I’ve always thought that life swings on small, sometimes insignificant incidents and decisions. When I got to the theatre at ten the next morning, Cy Endfield, a round, slow-speaking American director, said he was sorry, but he’d already given the part to my friend James Booth, because he thought he looked more Cockney than I did. I was used to rejection by now, so I just shrugged. ‘That’s OK,’ I lied and turned and began to walk back towards the door. The bar at the Prince of Wales Theatre is very long – and that’s why I became a movie star, because just as I reached the end, Cy called out, ‘Can you do a posh British accent?’ I stopped just before the door and turned round. ‘I was in rep for years,’ I said. ‘I played posh parts many times.

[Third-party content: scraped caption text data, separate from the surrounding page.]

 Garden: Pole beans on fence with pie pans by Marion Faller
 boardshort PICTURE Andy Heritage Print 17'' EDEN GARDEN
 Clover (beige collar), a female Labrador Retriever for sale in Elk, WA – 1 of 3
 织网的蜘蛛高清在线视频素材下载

There’s no accent I can’t do. That’s easy,’ I said, fingers crossed behind my back. ‘You know,’ said Cy, peering at me down the length of the bar, ‘you don’t look anything like a Cockney. You look like one of those faggy officers. Come back.’ I glanced in the mirror behind the bar. He was right. I was six foot two, slim, with blond curly hair and blue eyes. Jimmy Booth looked like everyone’s idea of a tough Cockney, which he was; I was a very tough Cockney, too, but I didn’t look like it. I came back – and I never looked back. ‘Can you do a screen test with Stanley on Friday morning?’ Cy asked. ‘You’d be playing the part of a snobbish lieutenant, Gonville Bromhead, who thinks he’s superior to everyone, especially Stanley. Do you think you could handle that?’ Perhaps it was also something to do with Cy being an American; he had no inherent British class prejudice that might have made him think a working-class actor couldn’t play an officer on the big screen. I thought back to national service; I thought back to Korea. I was quite confident I could handle that.

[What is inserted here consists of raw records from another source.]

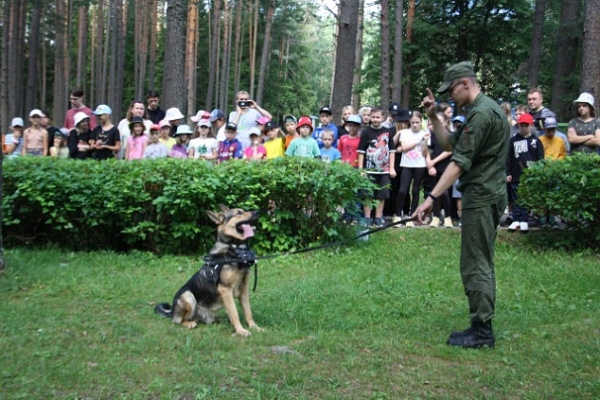 Каникулы цвета хаки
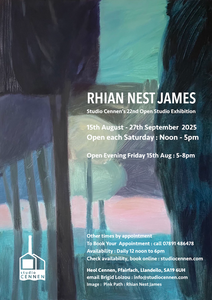 Rhian Nest James - appointment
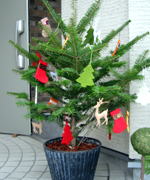 �ʐ^�F�N���X�}�X�c���[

I wasn’t so confident by the time Friday came around. I stumbled through the screen test, fluffing my lines, sweating with fear despite all Stanley’s help and Cy’s patience. At last we were done and I stumbled up the steps and set out to spend the weekend getting completely wasted before hearing the result on Monday morning. What I hadn’t bargained on was bumping into Cy Endfield at a party on Saturday night. He seemed to be avoiding my eye. It didn’t look like good news. Nonetheless, while he was still at the party I did my best to remain sober. Just as he was about to go, he finally came over to me. ‘I’ve seen the test,’ he said, ‘and you were appalling.’ I swallowed. It was going to be hard to bounce back from this one. ‘But you’ve got the part,’ he went on. ‘We go to South Africa in three weeks.’ I gaped at him. ‘Why did you give me the part if the test was so bad?’ I asked. ‘I don’t know, Michael,’ he replied. ‘I really don’t know – but I think there’s something there . . .’ He walked away and I threw up all over my shoes.
I had been a private in the army and I had my own experiences of a certain Lieutenant from the Queen’s Royal Regiment to draw on for the characterisation of Gonville Bromhead. The man was, to put it bluntly, a complete arse – very pompous and very posh. He wasn’t a stupid man, he just had the attitude that we were the ‘little people’ who had to be dealt with and he was simply born to rule us. It wasn’t personal on either side, but my encounter with him and others like him certainly fostered my loathing of class prejudice and I was delighted to be able to get my own back.